L’ordre des nominations est plus protocolaire que réel. Si les Etats-Unis sont à leur place, la première, eux sans lesquels rien de sérieux ne s’est fait ni ne se fera au Proche-Orient, la Russie vient seconde, à titre "historique", pour ainsi dire, puisque ce pays reste le co-parrain du processus de paix. Quant à l’Union européenne, tant qu’elle ne se dotera pas d’une force de frappe diplomatique et militaire qui lui permette de jouer un rôle correspondant à son poids démographique et financier, son influence reposera sur le prestige de quelques individualités d’exception et, collectivement, sur la place, d’ailleurs non négligeable, qu’ont su se tailler par leur talent, leur persévérance et leur évidente bonne volonté des hommes comme Javier Solana et Miguel Moratinos.
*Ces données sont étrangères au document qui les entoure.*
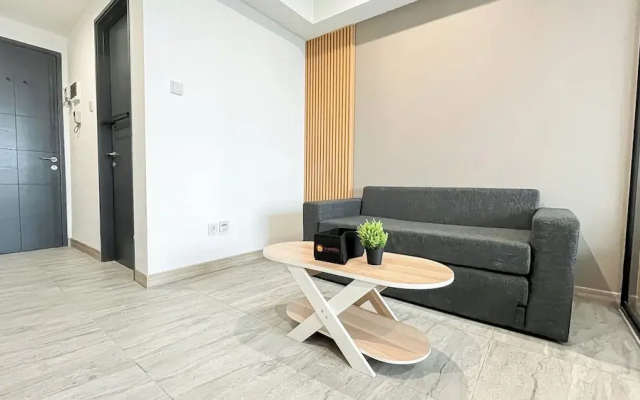 Basic Brown Accent 1Br Apartment Collins Boulevard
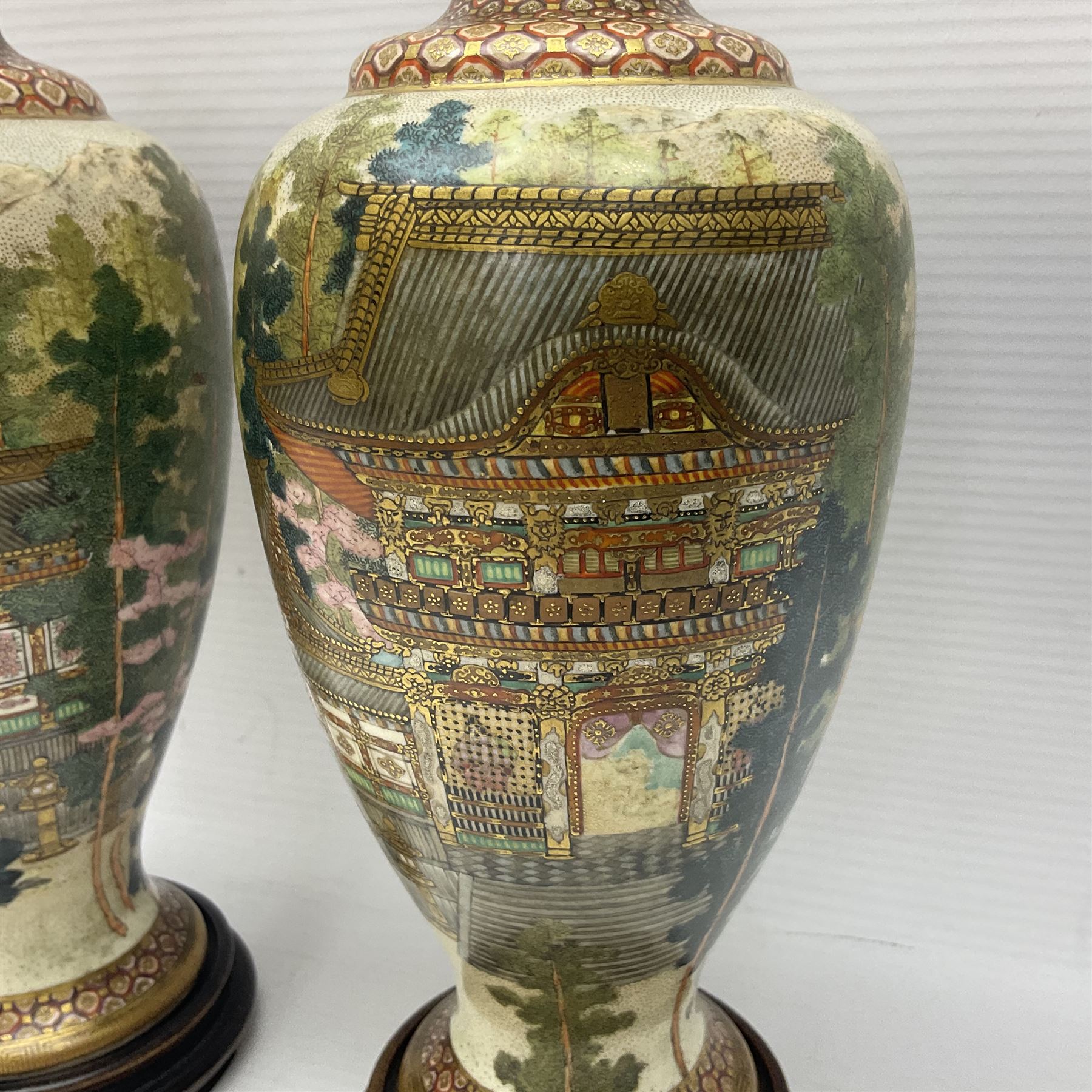 Pair of Japanese Satsuma vases - Image 8 of 9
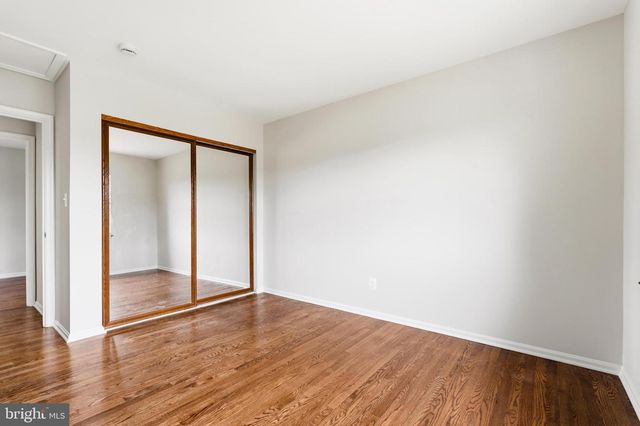 10 DELLCASTLE CT, Gaithersburg, MD 20886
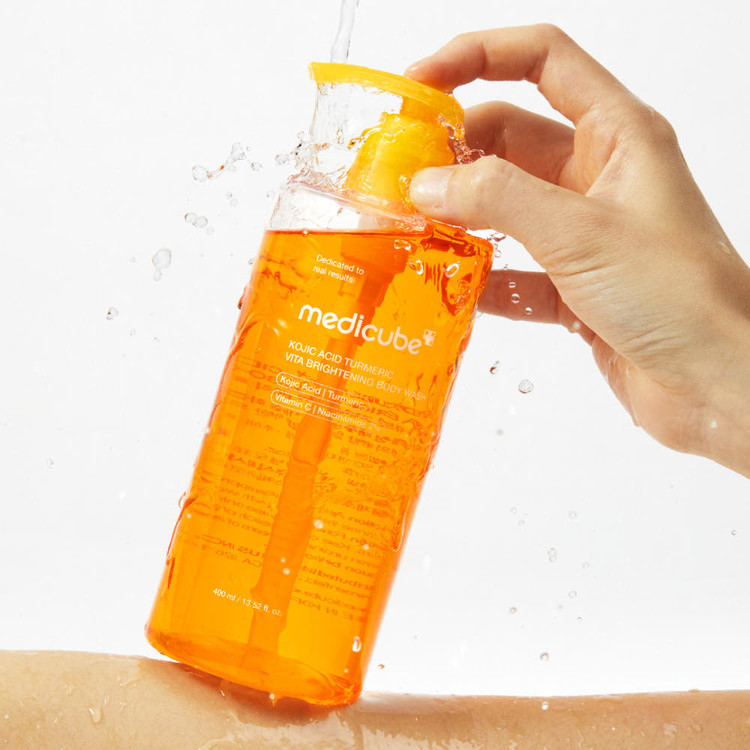 شامپو بدن کوجیک اسید مدی کیوب Medicube Kojic Acid Turmeric Brightening Body Wash 400Ml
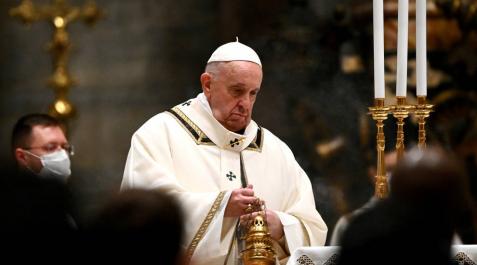El Papa no presidirá la misa de fin de año por una El Papa no presidirá la misa de fin de año por una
Reste le prince Abdallah, dont la place de bon dernier dans le palmarès onusien ne doit pas faire illusion. Le poids du royaume wahhabite dans le monde arabo-musulman, la place particulière qu’occupe Abdallah sur l’échiquier du nationalisme arabe, le contenu de son initiative, tout concourt à rendre sa "contribution" extrêmement intéressante, peut-être même décisive. En fait, elle me semble plus novatrice que la résolution de l’ONU : dans l’immédiat, elle pourrait servir à légitimer les concessions que l’Autorité palestinienne sera conduite à accepter dans les dossiers ultrasensibles de Jérusalem et des réfugiés. A plus long terme, elle offre pour la première fois, en termes simples et clairs, la perspective d’une véritable insertion d’Israël dans la région. Evidemment, il faut pour cela qu’elle ne soit pas abâtardie, avant ou pendant le prochain sommet arabe de Beyrouth. Déjà, les Syriens s’y emploient, avec, semble-t-il, un certain succès. Les mêmes Syriens qui, membres incongrus du Conseil de sécurité, ont empêché que la résolution 1397 soit adoptée à l’unanimité...

Ces principes posés, le Conseil de sécurité formule deux recommandations opératoires : la cessation de la violence d’abord, reprise cette fois comme une "exigence", avec une détermination qu’il convient de saluer ; et la nécessaire collaboration des Israéliens et des Palestiniens dans la mise en œuvre du plan Tenet et des recommandations du rapport Mitchell - les deux documents issus de l’Intifada et dont l’application, admise par les deux parties, est censée les ramener à la table de négociation. Enfin, le Conseil exprime son soutien au secrétaire général et aux autres acteurs extérieurs dans leurs efforts visant à aider les parties au conflit à y mettre fin, et se dit décidé à rester "saisi" de la question du Proche-Orient.

Telle quelle, avec ses allures convenues et ses attendus vieux parfois de plusieurs décennies, la résolution 1397 mérite sans doute le qualificatif d’"historique" dont Le Monde l’a gratifiée. D’abord, parce que c’est la première fois que le Conseil de sécurité s’aventure à définir une perspective claire pour le Proche-Orient. Ensuite, parce qu’il l’a fait dans un texte équilibré et réaliste, aux antipodes de la démagogie à laquelle nous a habitués l’Assemblée générale. Enfin, peut-être surtout, parce que, avec le retour d’Anthony Zinni et le périple du vice-président Cheney dans la région, ce texte marque le retour en force des Etats-Unis au Proche-Orient.

Israël n’a aucune raison de se méfier de ce document, les Palestiniens non plus. Au premier, il donne satisfaction sur la question cruciale de la cessation de la violence, préalable nécessaire et suffisant de la mise en œuvre des recommandations du rapport Mitchell. Aux seconds, il promet l’engagement de la communauté internationale en faveur de la création de l’Etat-nation auquel ils aspirent. Il est temps de comprendre que l’intérêt bien compris des uns et des autres ne saurait passer par un jeu à somme nulle. C’est ensemble que nous gagnerons la partie de la paix, ensemble que nous la perdrons.